The UK has been given an ultimatum. Within 30 days, it must find a technological solution to Boris Johnson.
Despite this blistering timetable, Britain’s best boffins are on the case. Up and down the length and breadth of Merrie Englande, wannabe Wallaces are dashing to their sheds to find the solution.
LCD Views’ Wing And A Prayer correspondent met leading inventor and computer nut, Mike Rowe-Chipps.
“I’ve already created a functional prototype,” said Rowe-Chipps excitedly. “I call it Zaphod Bumblebot. Look at this!”
He placed an order for the destruction of the British Isles in front of the android. It seized a pen, and scrawled the salutation ‘Love and kisses, Zaphod’.
“I haven’t quite synchronised the voice yet,” explained Rowe-Chipps, as the robot’s Stephen Hawking-like voice said “Golly goodness! Fibble fabble! What a to-do, old bean!”
Moaning remainers have created their own killjoy creation, codenamed Marvin. Its database is full of comments from Twitter correspondents with ‘FBPE’ in their handle. Its very first words were ‘I think you should know I’m very depressed.’
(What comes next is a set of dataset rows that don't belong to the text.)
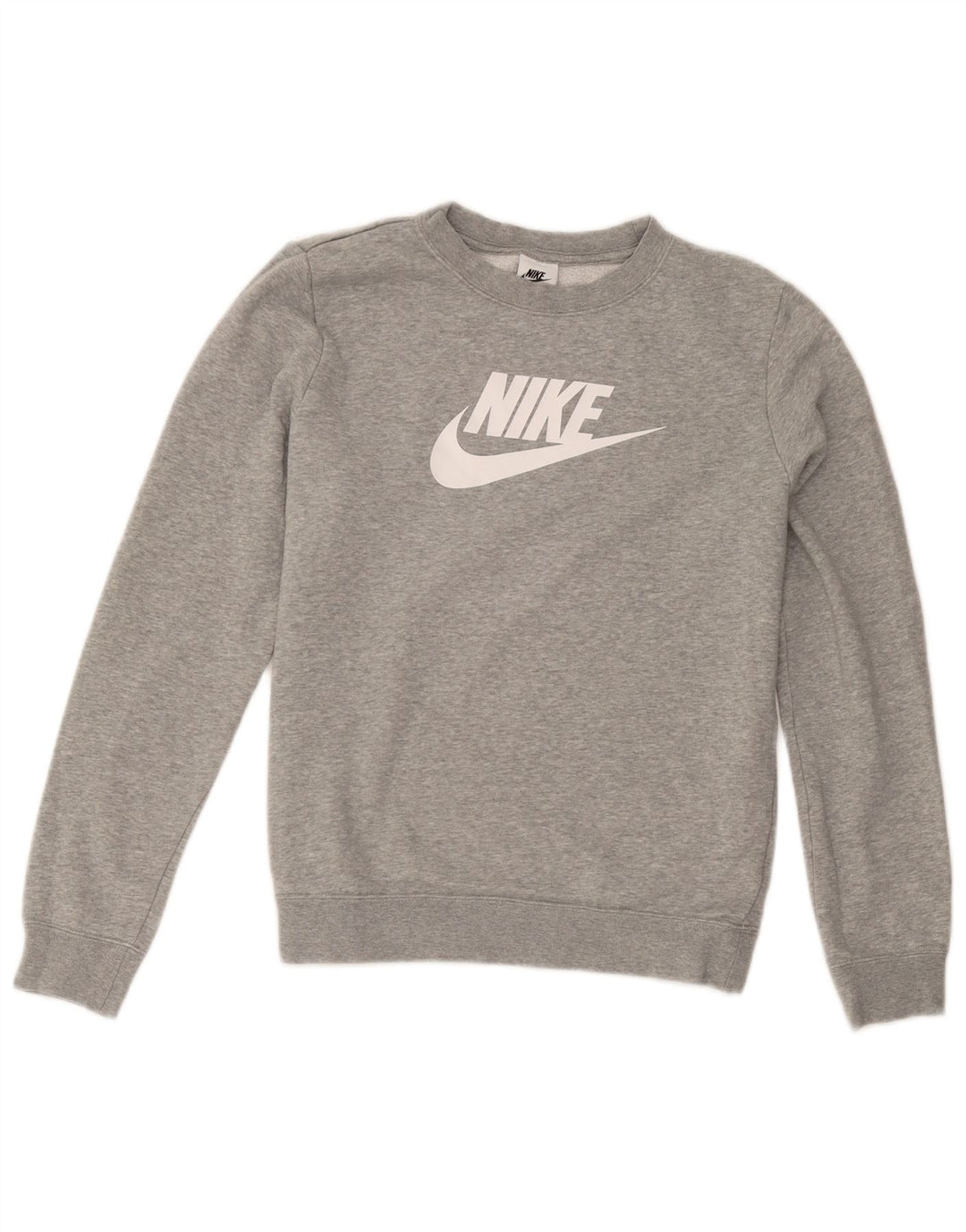 Γυναικείο γραφικό υπερμεγέθη φούτερ Nike UK 10 Μικρό γκρι βαμβακερό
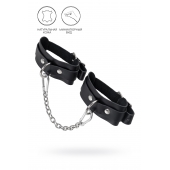 Черные мини-оковы со скруглёнными углами - Pecado - купить с доставкой в Кисловодске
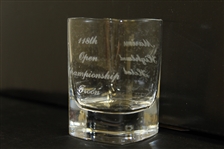 Assosorted Golf Themed Desk Decorations And A 118th Open Championship Shot Glass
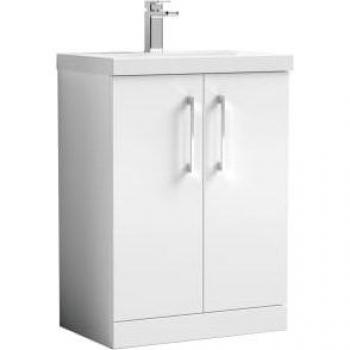 Nuie Arno White 2 Door Vanity Unit & Basin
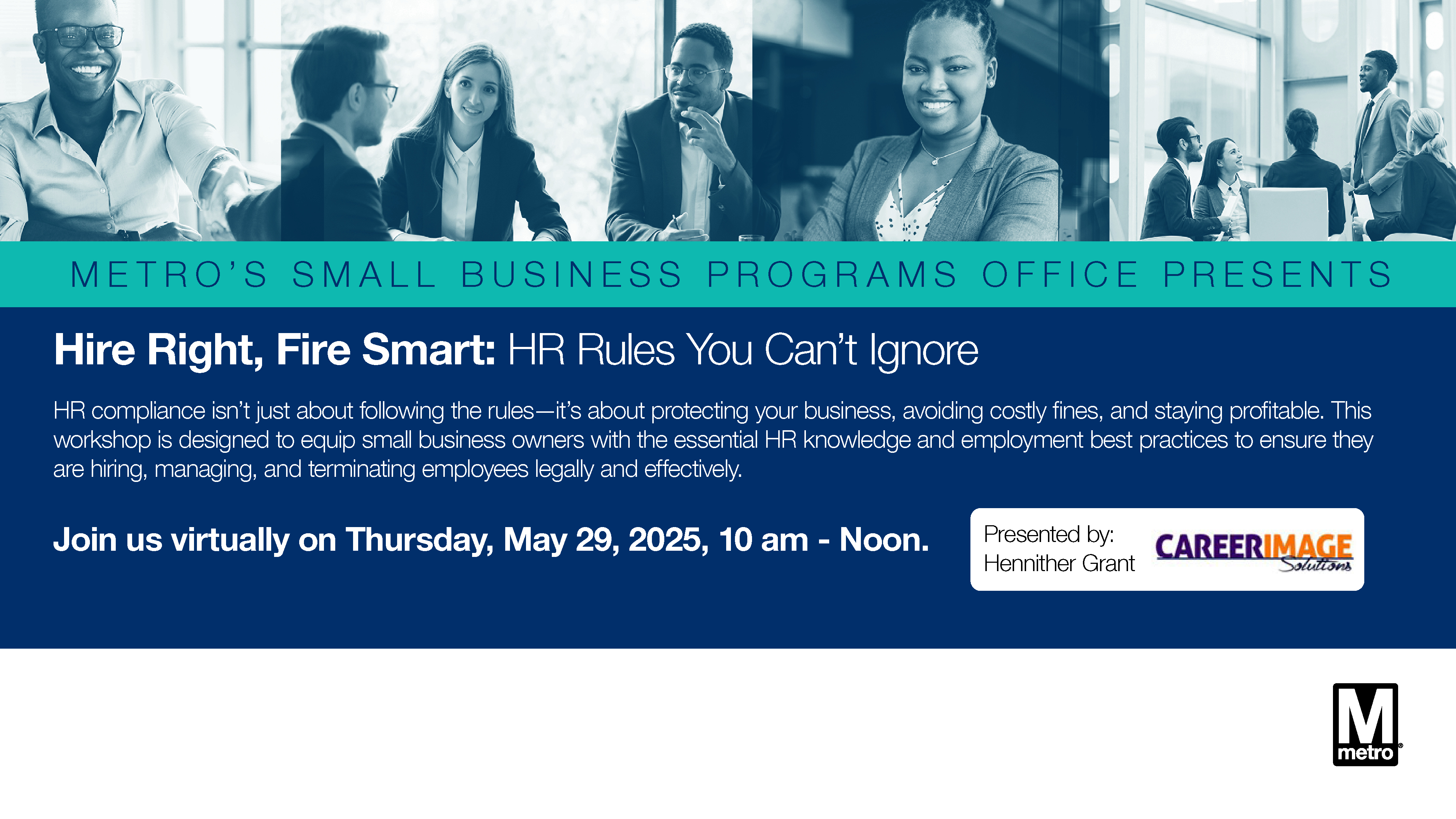 Metro’s Small Business Programs Office Presents: Hire Right, Fire Smart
Paranoid androids apart, the specifications for the Boris bot are extensive. It must be sufficiently different to the obsolete Maybot, which is currently situated in a museum blurting out statements like “Strong and stable!” and “My deal or no deal!” at random intervals.
There are two particular details which Rowe-Chipps and his fellow inventors are finding difficult. That irritating “What the Dickens is going on here?” facial expression, and the tendency to shag any presentable female. “I have to wear a chastity belt whenever Zaphod Bumblebot is turned on,” reflects Rowe-Chipps ruefully.
Experts who have read the relevant documentation have realised that the irresponsible Zaphod is, ultimately, redeemed by the boring Marvin. Their findings have, of course, been dismissed by opinionated government wonks.
Will it work? Possibly not, as it’s probably infinitely improbable.